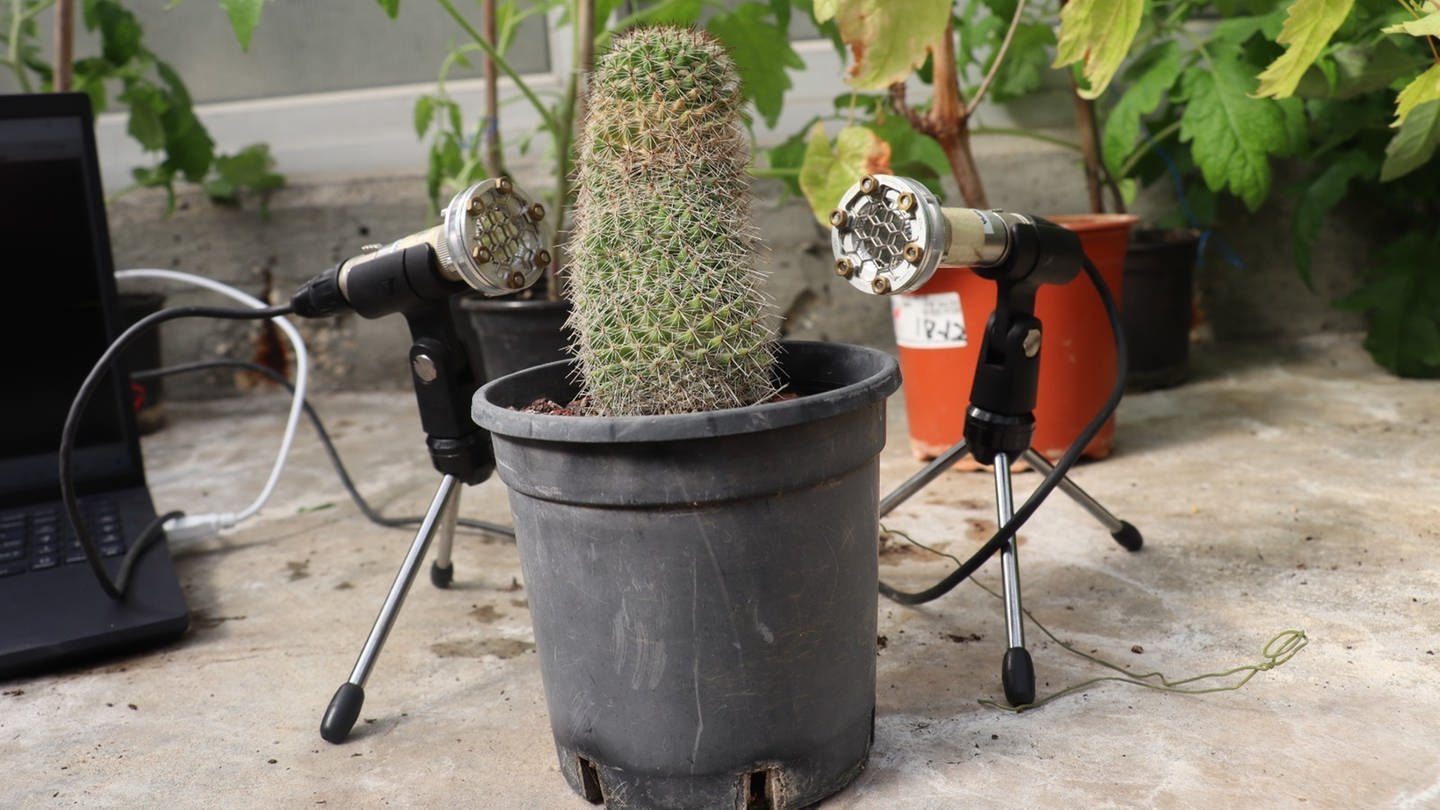 Das am 30.3.2023 von der Universität von Tel Aviv herausgegebene Bild zeigt zwei Mikrofone die neben einem Kaktus stehen. (Foto: dpa Bildfunk, picture alliance/dpa/Tel Aviv University | Tel Aviv University)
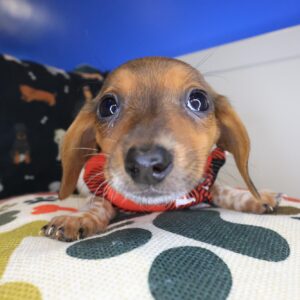Joey Dachshund 01 Joey Dachshund 01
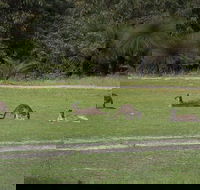 Yanchep  Lancelin - Wildlife Cave And Sands - Perths Hotel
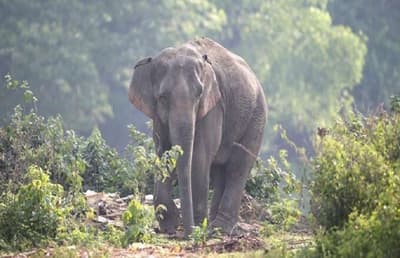 Elephant Attack : यमराज बनकर आया गजानन... जंगल में युवक को कुचला, इलाज के दौरान मौत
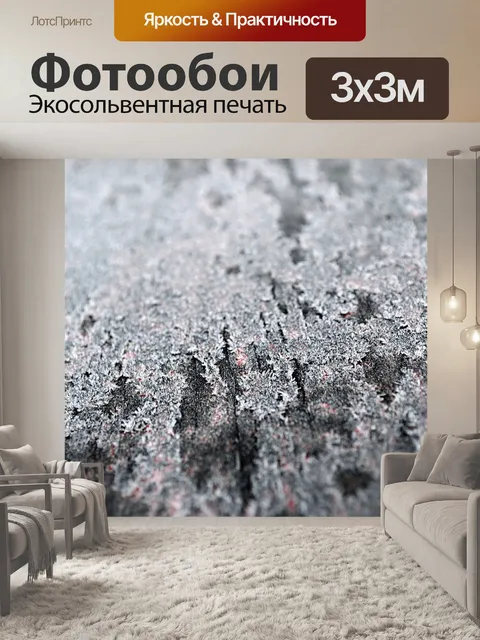 Фотообои зимний иней
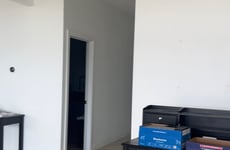 12260333
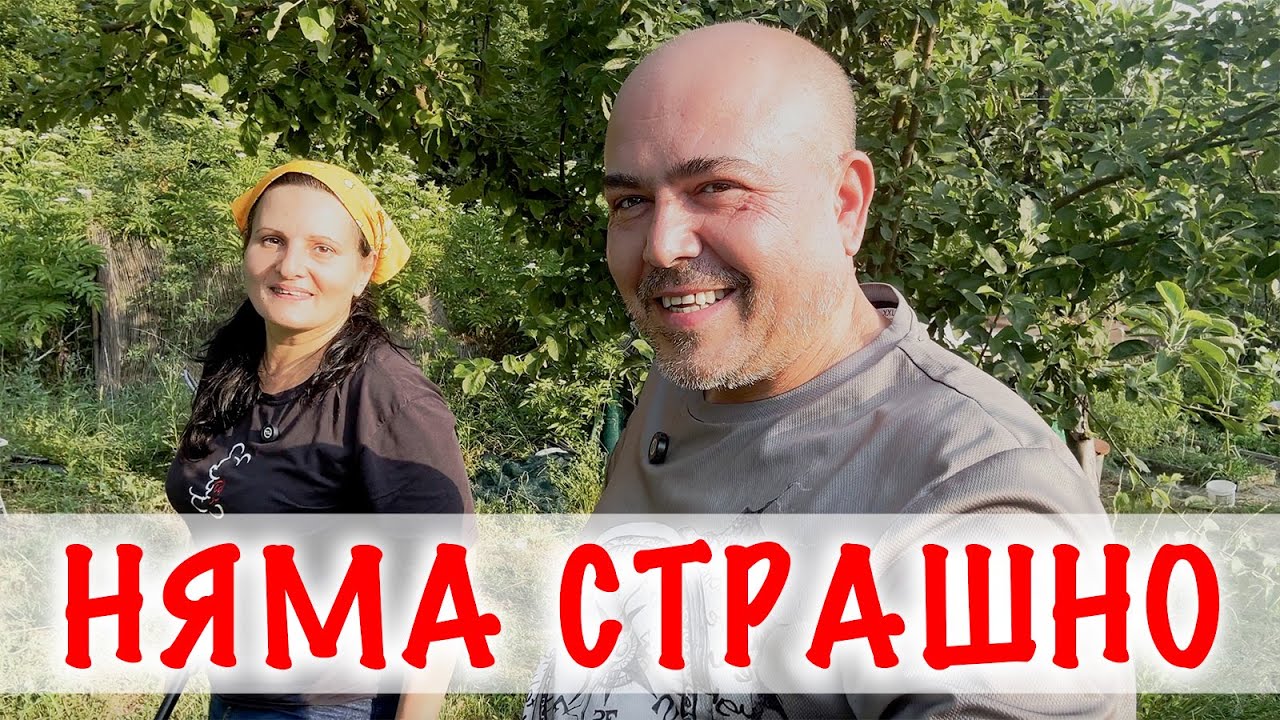 СЕЛСКИ НЕВОЛИ! Доматите не зреят! Всичко е хем наред, хем надолу с главата :-)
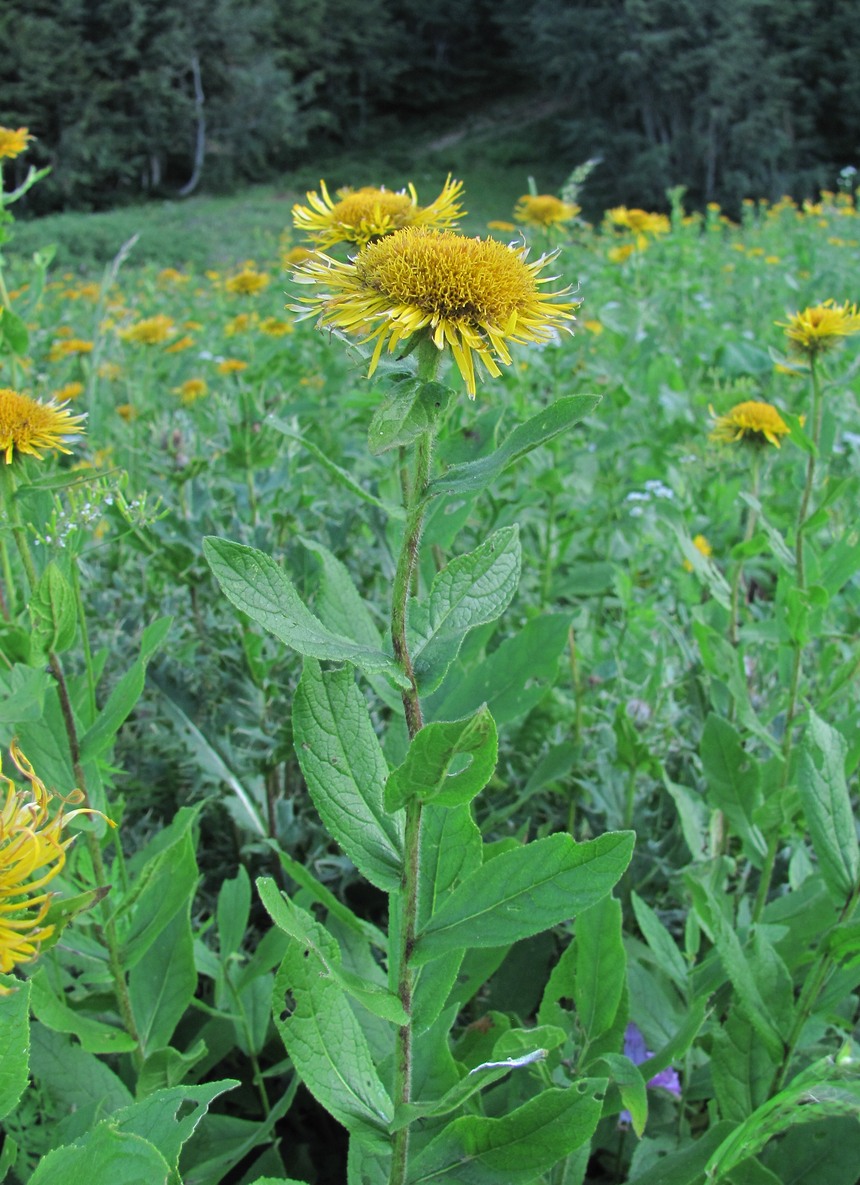 Изображение особи Inula grandiflora.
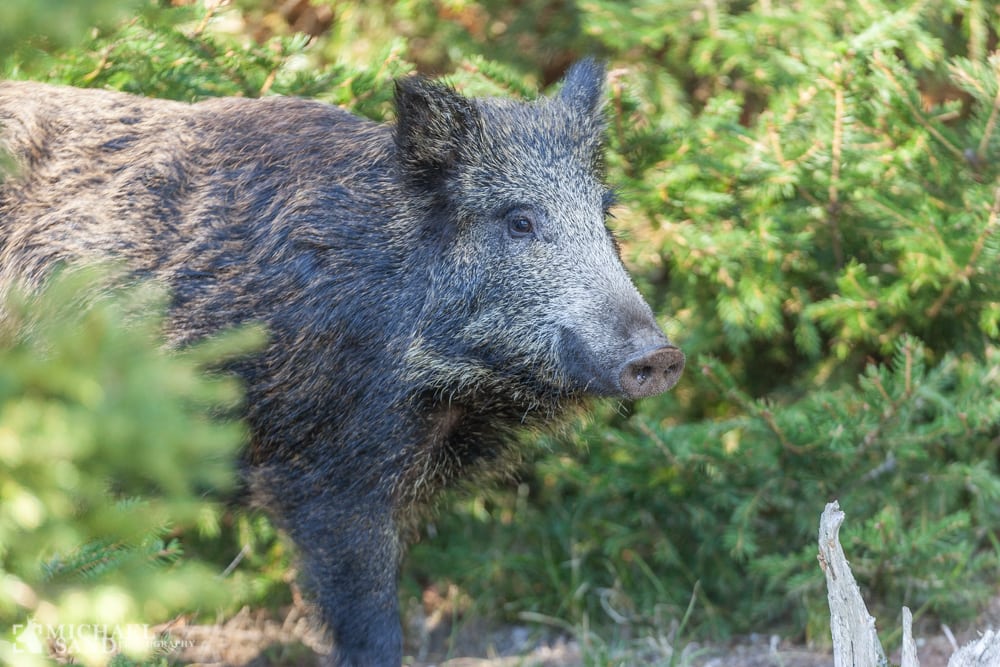 Vildsvin meget tæt på Flensborg Vildsvin meget tæt på Flensborg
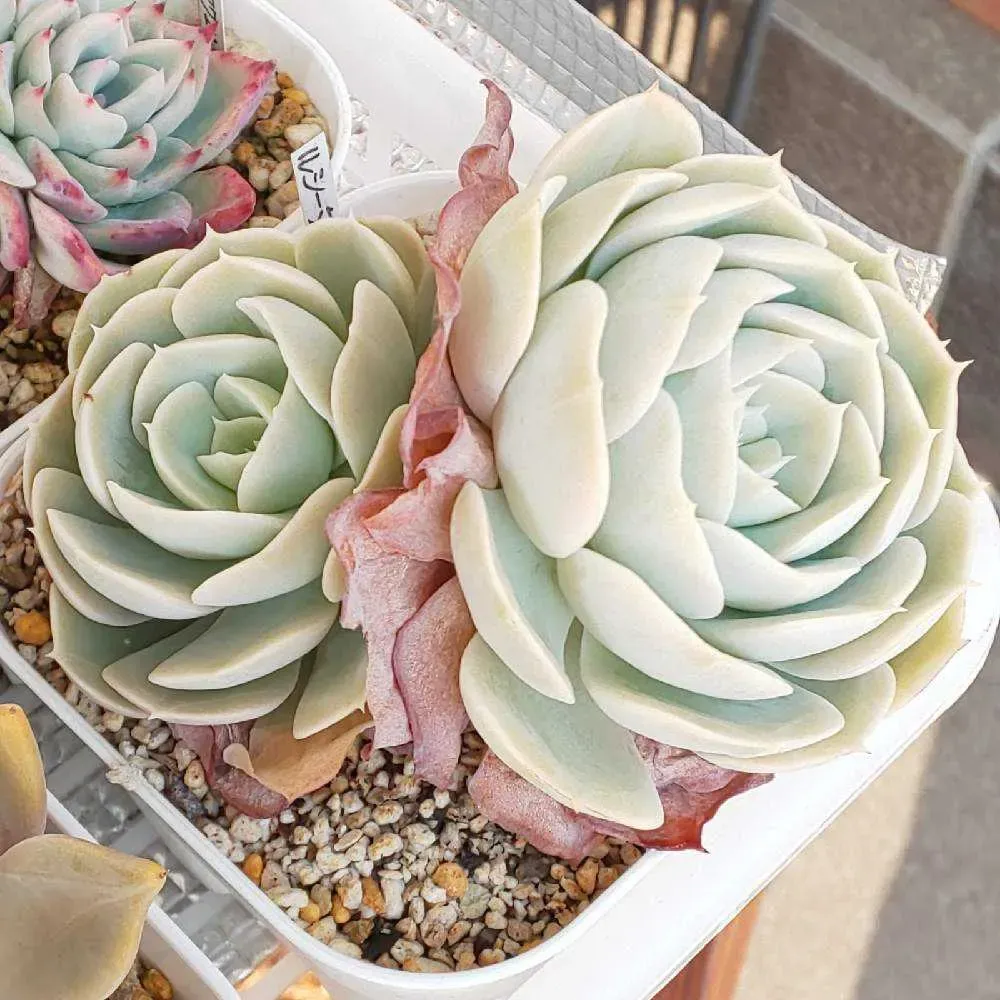多肉植物 ルシタの基本を知ろう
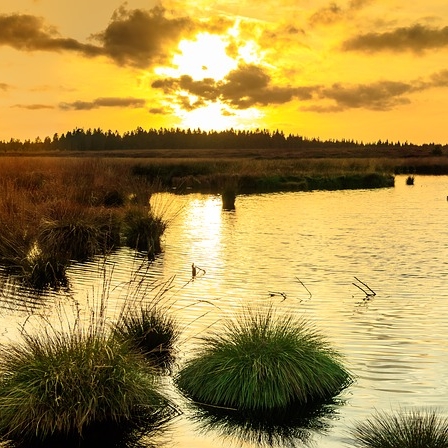 Sunset Over Wetland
______
## WORK ITEM
For the material above, give every line again exactly and leave out the pictures.

## EXERCISE RESPONSE
 Das am 30.3.2023 von der Universität von Tel Aviv herausgegebene Bild zeigt zwei Mikrofone die neben einem Kaktus stehen. (Foto: dpa Bildfunk, picture alliance/dpa/Tel Aviv University | Tel Aviv University)
Joey Dachshund 01 Joey Dachshund 01
 Yanchep  Lancelin - Wildlife Cave And Sands - Perths Hotel
 Elephant Attack : यमराज बनकर आया गजानन... जंगल में युवक को कुचला, इलाज के दौरान मौत
 Фотообои зимний иней
 12260333
 СЕЛСКИ НЕВОЛИ! Доматите не зреят! Всичко е хем наред, хем надолу с главата :-)
 Изображение особи Inula grandiflora.
 Vildsvin meget tæt på Flensborg Vildsvin meget tæt på Flensborg
多肉植物 ルシタの基本を知ろう
 Sunset Over Wetland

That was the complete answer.